Newly unearthed footage of the last-known Tasmanian tiger has been made public more than 80 years after it was recorded.
The 21-second clip, which shows the thylacine ‘Benjamin’ at Hobart’s Beaumaris Zoo in 1935, is believed to be the last known recording of the carnivorous marsupial.
Benjamin, who died from suspected neglect in September the following year, was the last thylacine to be kept in captivity,
In the vision, which has been digitalised and released by the National Film and Sound Archives (NFSA), men can be seen rattling the thylacine’s small cage.
We have released 21-second newsreel clip featuring the last known images of the extinct Thylacine, filmed in 1935, has been digitised in 4K and released.
— NFSA -National Film and Sound Archive of Australia (@NFSAonline) May 19, 2020
“The Tasmanian tiger … is now very rare, being forced out of its natural habitat by the march of civilisation,” the film’s narrator says.

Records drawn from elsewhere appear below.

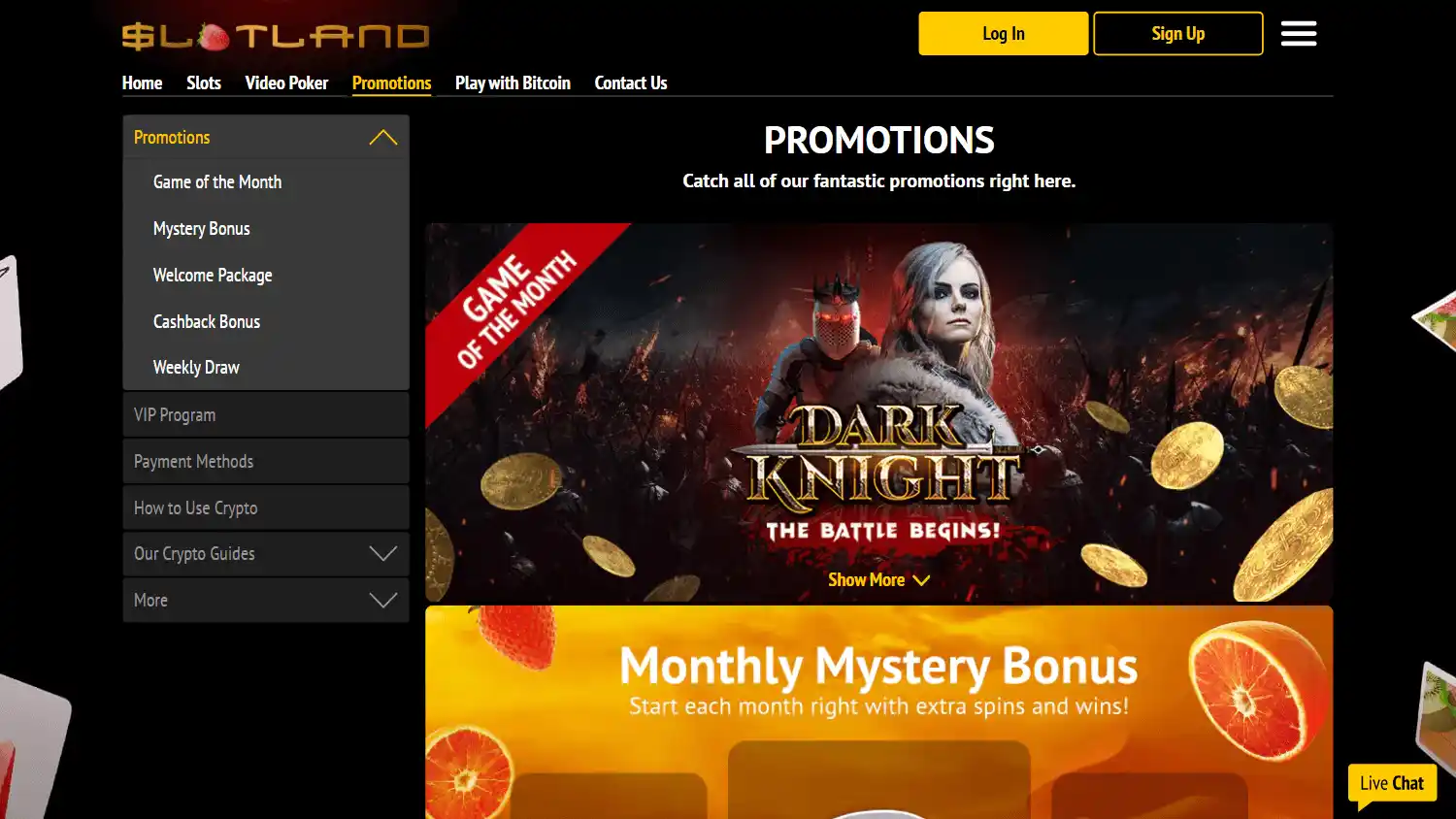Slotland Casino screenshot 3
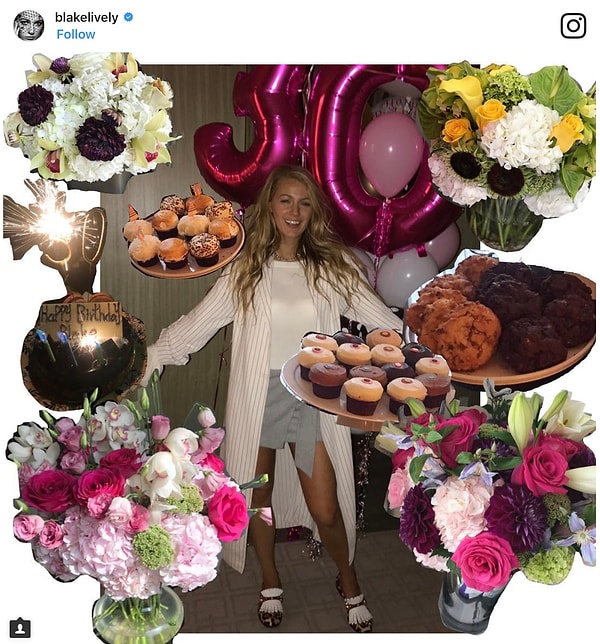 4. Как Блейк благодарит своих друзей:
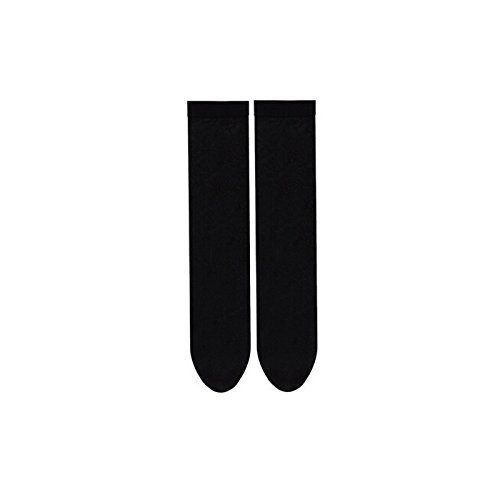 Women's High Knee Over Thigh Socks - Opaque Elastic Fashion Socks for Girls & Women - Stride Socks (Black, One Size) - Perfect for Cosplay, Winter Warmth & Stylish Outfits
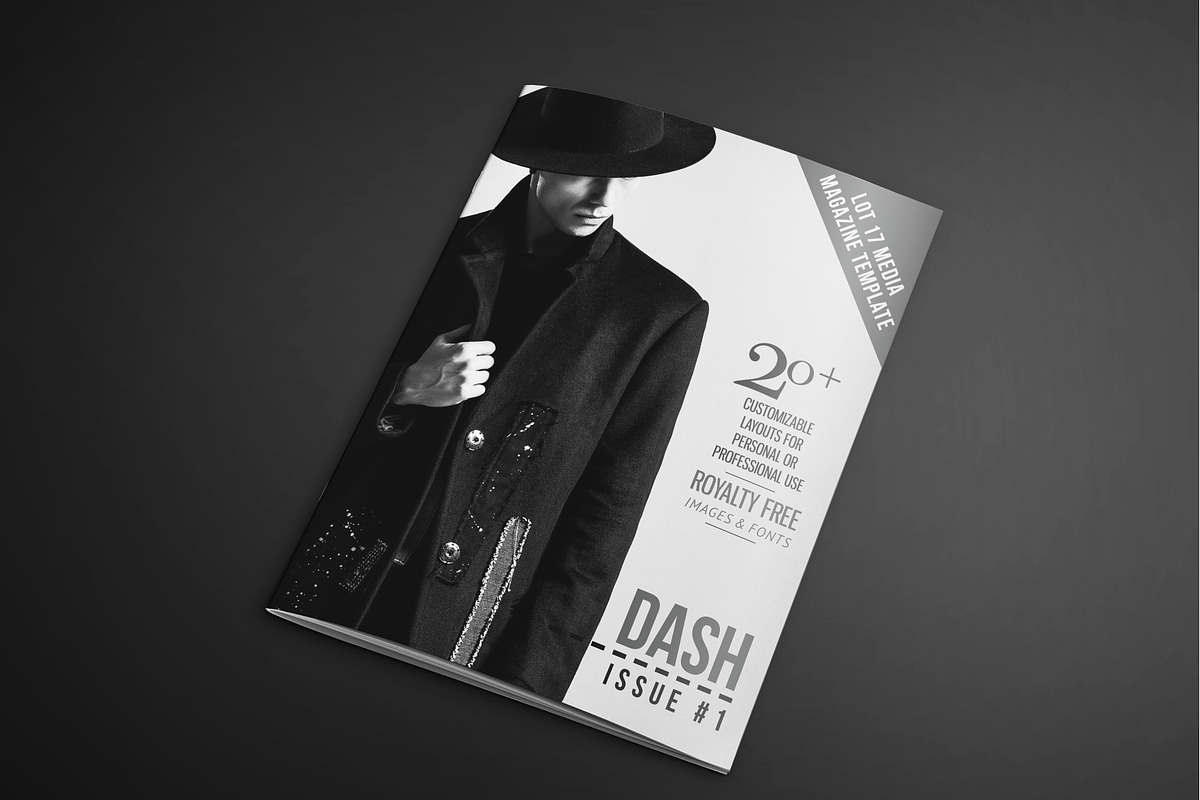 Dash Magazine Template #1, a Magazine Template by Lot 17 Media (Photo 1 of 4)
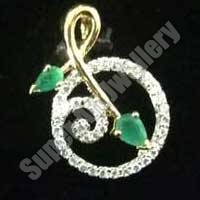 Green Lily Pendant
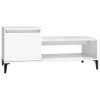 The Living Store Couchtisch Weiß 100x50x45 cm Holzwerkstoff Produktbild-Vorschau 2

“This is the only one in captivity in the world.”
Fewer than a dozen black-and-white films remain of the thylacine, adding up to a little more than three minutes.
The vision found in NFSA archives formed part of a travelogue dubbed Tasmania The Wonderland thought to have been shot by Brisbane-based filmmaker and exhibitor Sidney Cook.
“The fact is there just isn’t that much footage of the animal,” NFSA curator Simon Smith said.
“So to find anything, even a few seconds, is significant”.
Prior to this discovery, the most recent footage of Benjamin had been taken in 1933.
He was the last surviving thylacine in captivity after London Zoo’s thylacine passed away in 1931.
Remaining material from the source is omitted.